Duallies definitely do better in any multitasking, SMP-capable operating system. There are two main reasons for this:
1) Context switches. In a modern (pre-emptive) operating system, when more than one process is assigned to run on the same CPU, the operating system's task scheduler has to hand out a timeslice to each application in turn every millisecond or so. When an process's timeslice expires, the task scheduler puts that process on hold and does a "context switch"--basically storing the entire CPU state left by that process, and switching to the CPU state saved for the next process destined to receive a timeslice. All the work involved in context switching incurs a pretty stiff CPU performance penalty that makes the system less responsive overall.
Having more than one CPU allows the task scheduler to keep multiple processes running simultaneously without having to perform so many context switches, simply because each processor can run a process in parallel (duh

). If you have two processes running that each completely saturate a CPU, it's actually theoretically possible for a pair of 400MHz CPUs to handle the two processes with better performance than a single 800MHz CPU, simply because of the dual-CPU system not having to pull off so many context switches. (This "theoretical" scenario doesn't occur often in the real world, simply because of issues of less-than-full CPU saturation, shared memory bandwidth, etc. etc.).
2) Non-preemptible kernel code.

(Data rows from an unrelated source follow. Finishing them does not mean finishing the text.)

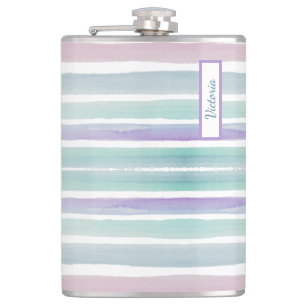 Petaca Rayas de color de patrón de corte azul rosado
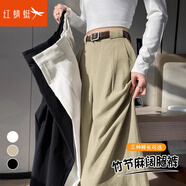 紅蜻蜓2025新款竹節(jié)麻肌理感休閑褲長(zhǎng)褲女裝春季垂感寬松闊腿褲拖地褲 卡其色- 長(zhǎng)褲 L 建議109-118斤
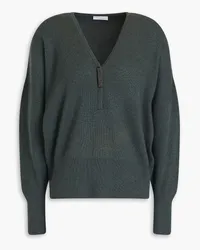 Brunello Cucinelli Bead-embellished cashmere sweater - Green Green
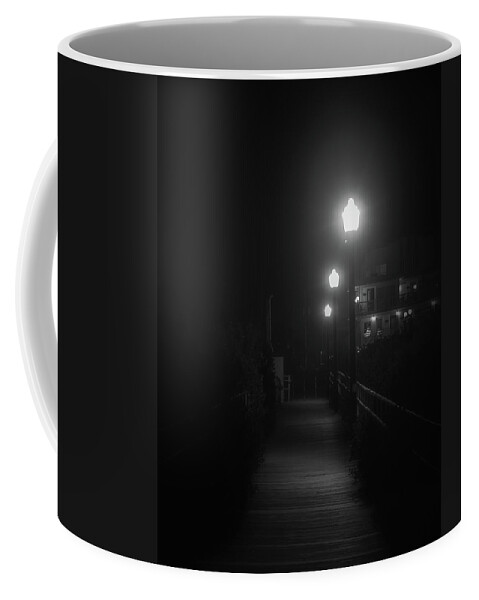 Pier Coffee Mug featuring the photograph Crest Pier at Night Black and White by Jason Fink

Many modern operating systems run much of their kernel-space code (IRQ handlers especially) in a non-preemptible state. This means that once this kernel-space code has possession of a timeslice (like when your NIC receives some data), the task scheduler can't force the kernel-space code to give up use of the CPU until the kernel-space work is done. Without multiple CPUs, this effectively means that every process is on hold until the kernel has done its thing. This can lead to things like your mouse skipping or your keyboard stopping while your analog modem dials a number or your printer spools a page. That sort of thing gets annoying if you're trying to keep up a steady stream of keyboard input.
In the x86 world, SMP scalability is not all too great; a dual P3 1GHz might have about the same average throughput as a single P3 1.4GHz, rather than a single P3 2GHz (nonexistent, purely theoretical CPU there). The actual responsiveness of the dual-CPU system is often much better, however, in terms of latency.